[Data to examine — start]
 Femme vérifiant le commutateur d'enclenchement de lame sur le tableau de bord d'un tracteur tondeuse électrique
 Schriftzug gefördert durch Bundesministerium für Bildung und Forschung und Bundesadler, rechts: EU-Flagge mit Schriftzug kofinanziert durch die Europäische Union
[Data to examine — finish]
[Data to examine — start]
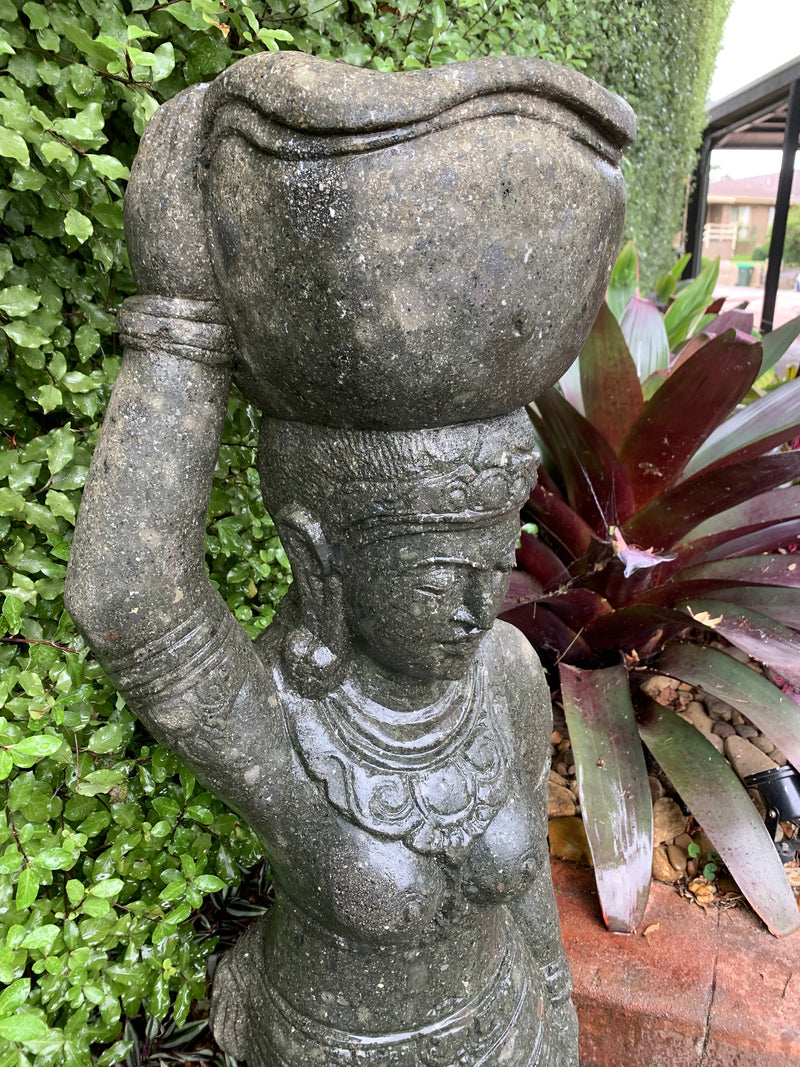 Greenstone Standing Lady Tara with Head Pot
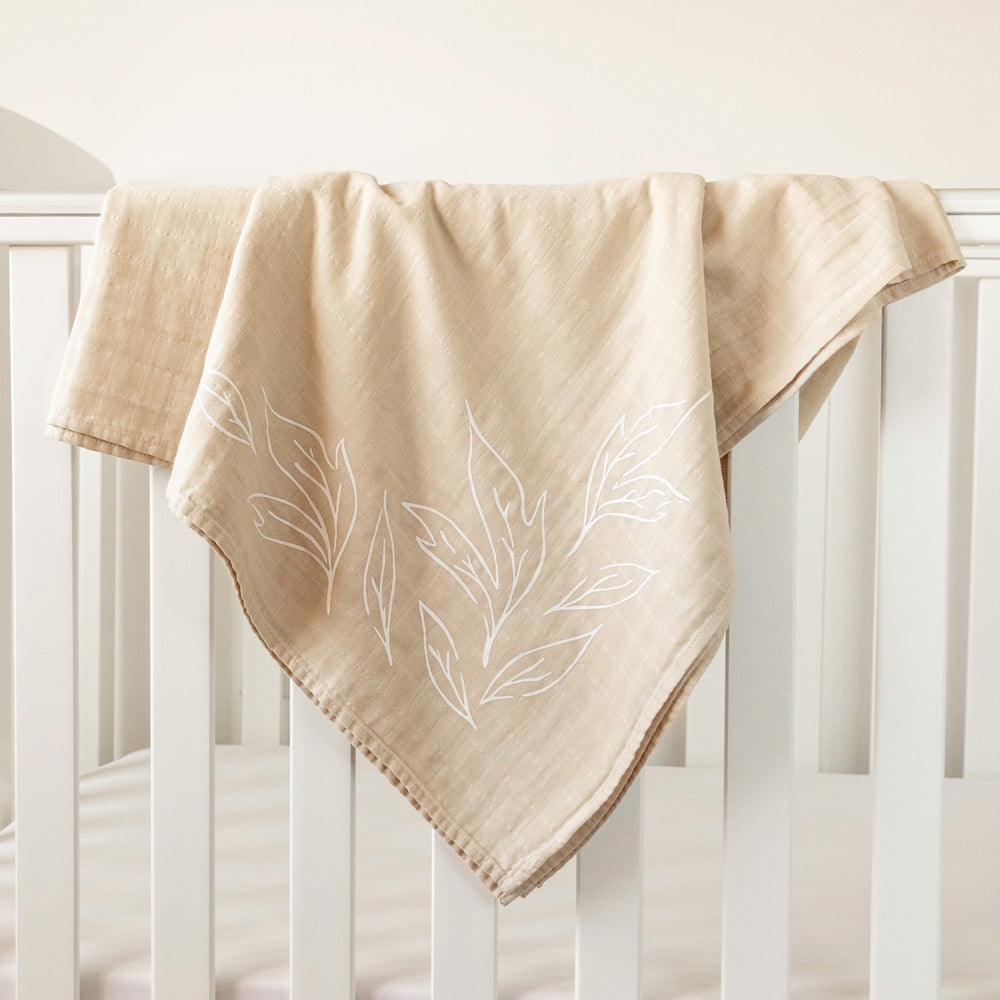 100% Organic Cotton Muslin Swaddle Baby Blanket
[Data to examine — finish]
**Task description:**
Look above for the line with "Greenstone Standing Lady Tara with Head Pot" and copy exactly from it through the line with "100% Organic Cotton", both included. Omit the pictures.

**Solution to the exercise:**
 Greenstone Standing Lady Tara with Head Pot
 100% Organic Cotton Muslin Swaddle Baby Blanket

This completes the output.